Po krótkim pościgu austriacka policja zdołała zatrzymać 13-latka, który w drodze do szkoły ukradł w Wiedniu bmw o wartości 70 tys. euro (ok. 300 tys. zł). W ujęciu złodzieja pomógł właściciel samochodu.

Do zdarzenia doszło w czwartek przed godz. 8 rano w Landstrasse, dzielnicy Wiednia. Trzynastolatek idący do szkoły wsiadł do zaparkowanego na skraju drogi białego bmw i nim odjechał.

Nastolatek najpierw wjechał na obwodnicę Wiednia, gdzie "wypróbował" możliwości pojazdu, a następnie udał się w stronę położonej na zachód dzielnicy Meidling.

Właściciel bmw poinformował policję, gdy tylko zorientował się, że jego samochód został skradziony.
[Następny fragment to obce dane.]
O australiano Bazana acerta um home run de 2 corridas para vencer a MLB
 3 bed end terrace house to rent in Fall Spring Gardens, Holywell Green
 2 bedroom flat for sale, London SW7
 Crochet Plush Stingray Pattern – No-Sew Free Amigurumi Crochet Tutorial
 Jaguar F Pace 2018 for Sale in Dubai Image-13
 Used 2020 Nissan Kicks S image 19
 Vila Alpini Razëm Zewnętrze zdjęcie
Dzięki temu, że mógł na bieżąco śledzić lokalizację auta, funkcjonariusze po krótkim pościgu zatrzymali złodzieja.

Nikt nie odniósł obrażeń, a skradziony samochód nie został uszkodzony.

Jak poinformowała wiedeńska policja, nadal nie jest jasne, w jaki sposób i dlaczego 13-latek ukradł SUV-a.

Mimo młodego wieku zatrzymanego sprawa została zgłoszona organom ścigania i wszczęto dochodzenie.